:: Data records ::
------------------------------------
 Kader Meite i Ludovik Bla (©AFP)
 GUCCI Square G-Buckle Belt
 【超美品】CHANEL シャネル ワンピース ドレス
------------------------------------
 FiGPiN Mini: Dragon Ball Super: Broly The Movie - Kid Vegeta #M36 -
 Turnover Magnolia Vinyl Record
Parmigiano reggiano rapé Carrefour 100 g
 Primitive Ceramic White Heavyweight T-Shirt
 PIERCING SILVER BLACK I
------------------------------------
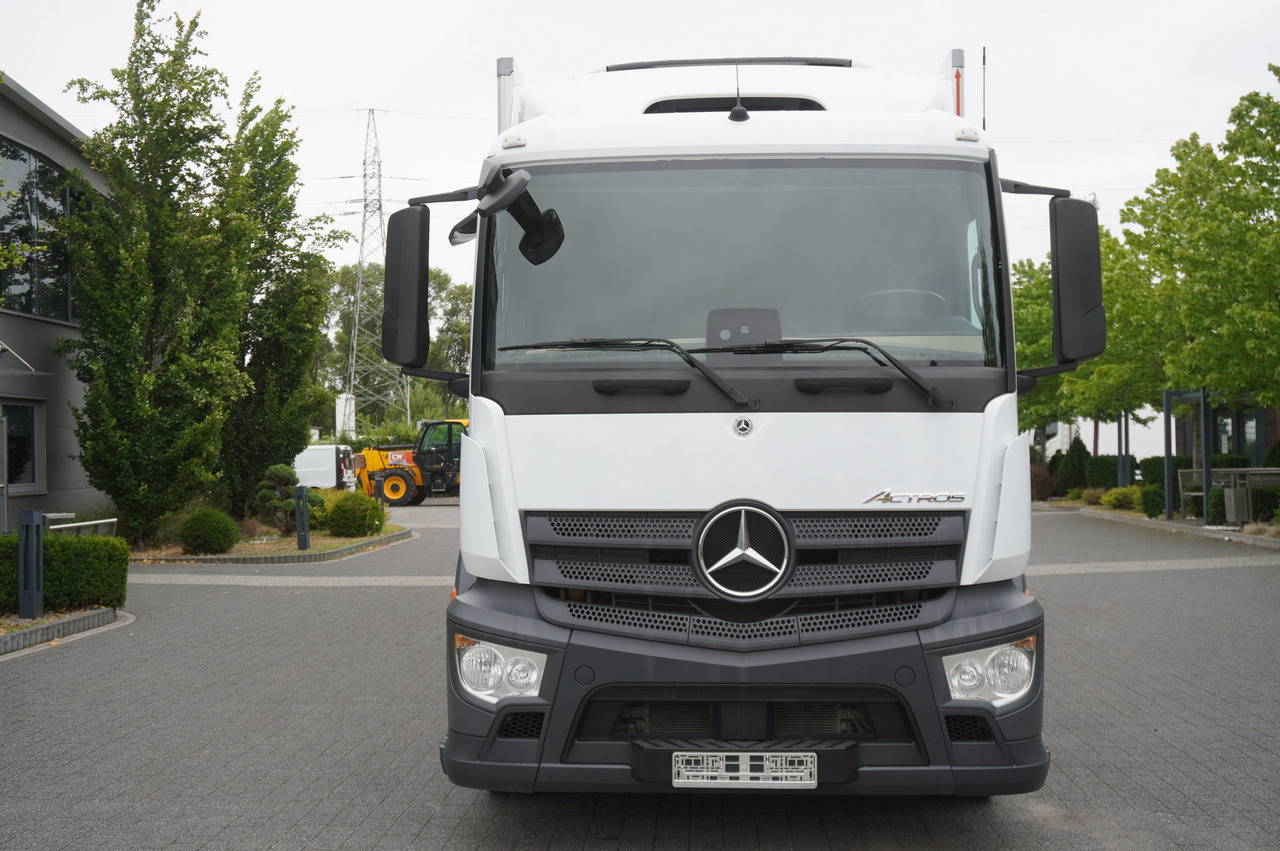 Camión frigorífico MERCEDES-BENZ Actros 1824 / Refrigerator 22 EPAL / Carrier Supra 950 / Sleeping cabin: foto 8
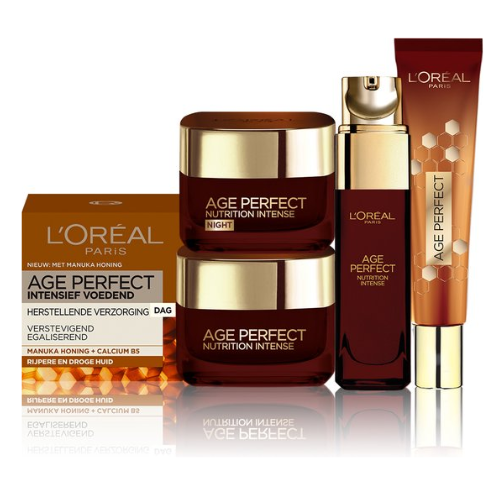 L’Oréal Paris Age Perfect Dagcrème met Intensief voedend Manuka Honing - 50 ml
------------------------------------
:: Work order ::
Go back to the listing above. Copy word for word the lines from the one with "Primitive Ceramic White Heavyweight T-Shirt" through the one with "PIERCING SILVER BLACK I", and nothing more.

:: Answer to this task ::
 Primitive Ceramic White Heavyweight T-Shirt
 PIERCING SILVER BLACK I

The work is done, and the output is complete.